■ What is being asked: Copy exactly, beginning with the line holding "2021 Kenworth W990-22" and ending with the final line of the data beneath this task; copy nothing else, and leave out every picture.

- Opening Delimiter -

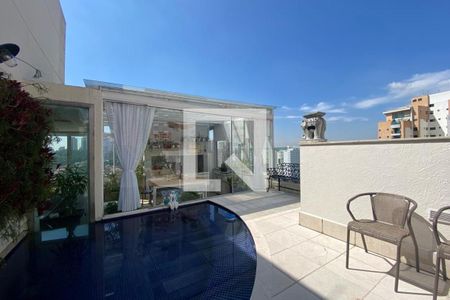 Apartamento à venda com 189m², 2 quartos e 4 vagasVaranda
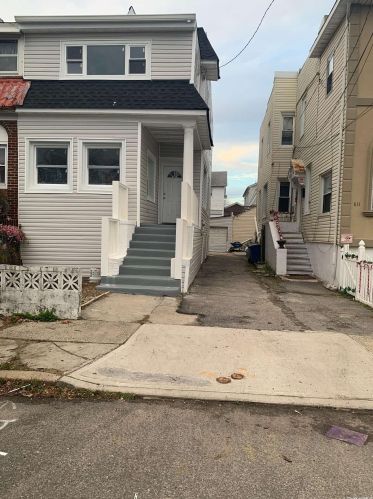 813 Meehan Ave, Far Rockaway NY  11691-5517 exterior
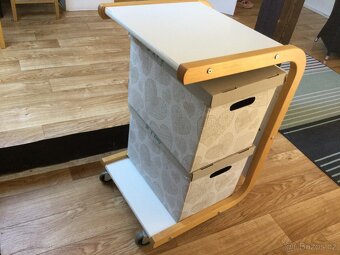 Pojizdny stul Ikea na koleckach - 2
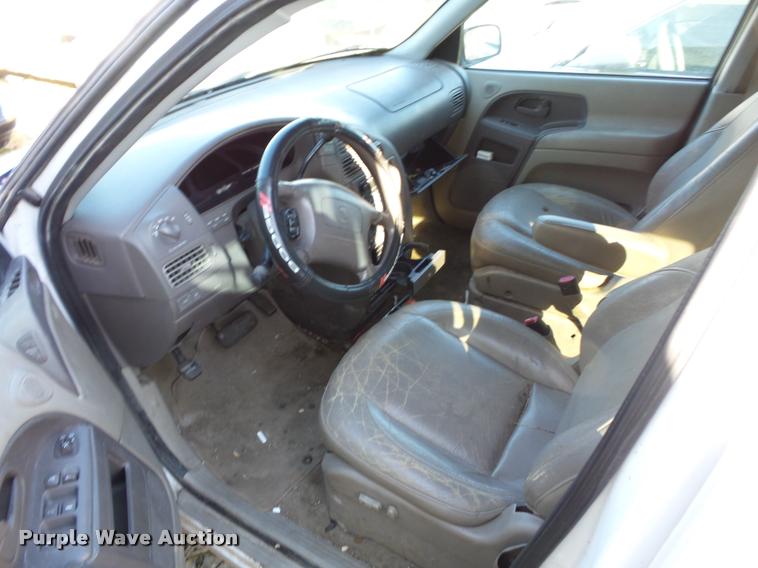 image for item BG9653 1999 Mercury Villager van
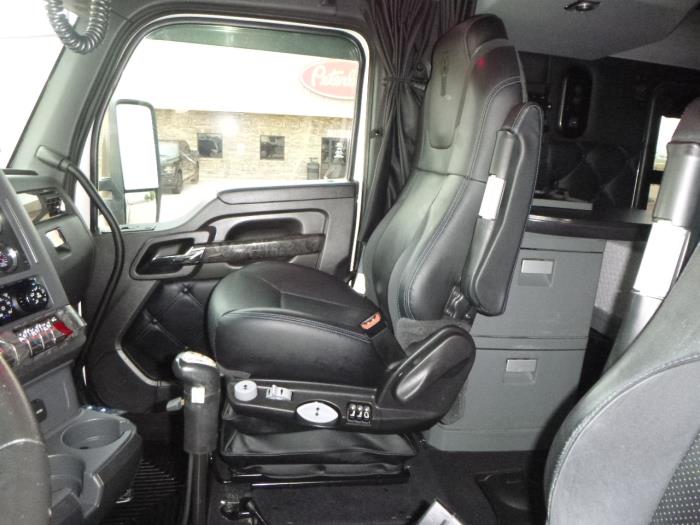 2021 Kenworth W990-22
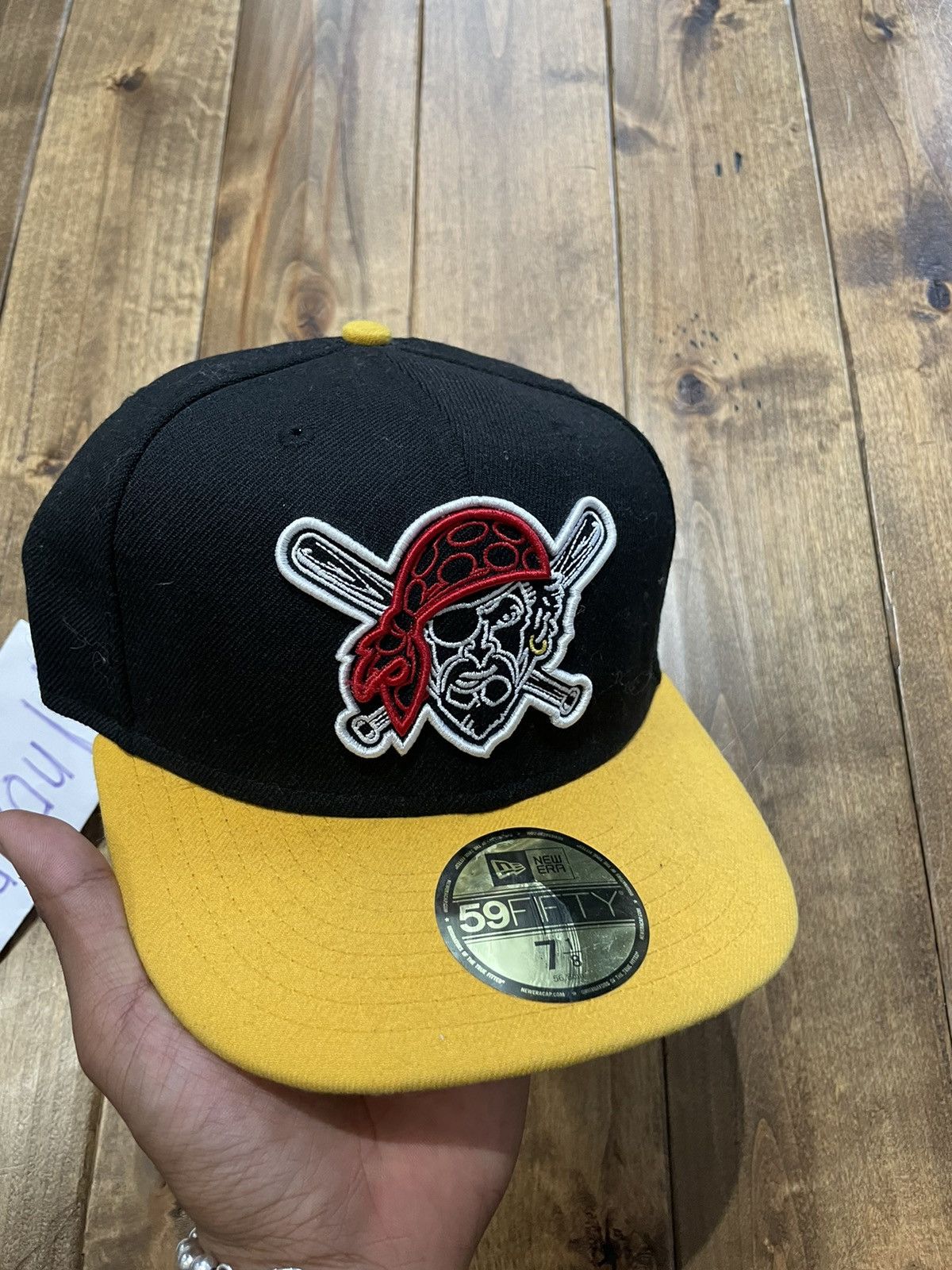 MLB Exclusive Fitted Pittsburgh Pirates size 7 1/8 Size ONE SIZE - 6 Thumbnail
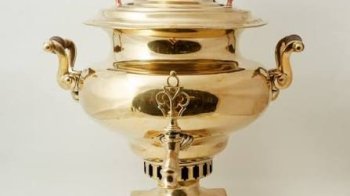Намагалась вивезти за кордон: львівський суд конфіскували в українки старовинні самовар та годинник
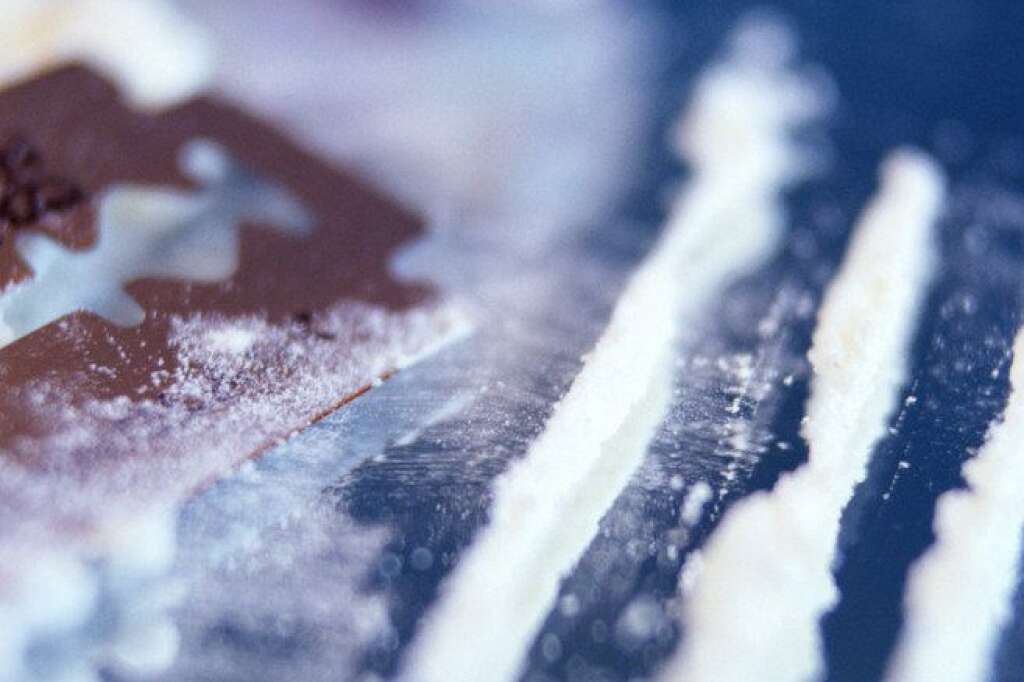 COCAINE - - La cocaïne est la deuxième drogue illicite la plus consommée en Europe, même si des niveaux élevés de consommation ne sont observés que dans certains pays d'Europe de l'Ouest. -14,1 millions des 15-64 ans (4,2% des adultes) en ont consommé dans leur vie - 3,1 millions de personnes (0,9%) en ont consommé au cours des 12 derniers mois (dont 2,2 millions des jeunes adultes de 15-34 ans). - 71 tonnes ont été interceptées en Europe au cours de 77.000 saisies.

- Closing Delimiter -

■ Response:
 2021 Kenworth W990-22
 MLB Exclusive Fitted Pittsburgh Pirates size 7 1/8 Size ONE SIZE - 6 Thumbnail
Намагалась вивезти за кордон: львівський суд конфіскували в українки старовинні самовар та годинник
 COCAINE - - La cocaïne est la deuxième drogue illicite la plus consommée en Europe, même si des niveaux élevés de consommation ne sont observés que dans certains pays d'Europe de l'Ouest. -14,1 millions des 15-64 ans (4,2% des adultes) en ont consommé dans leur vie - 3,1 millions de personnes (0,9%) en ont consommé au cours des 12 derniers mois (dont 2,2 millions des jeunes adultes de 15-34 ans). - 71 tonnes ont été interceptées en Europe au cours de 77.000 saisies.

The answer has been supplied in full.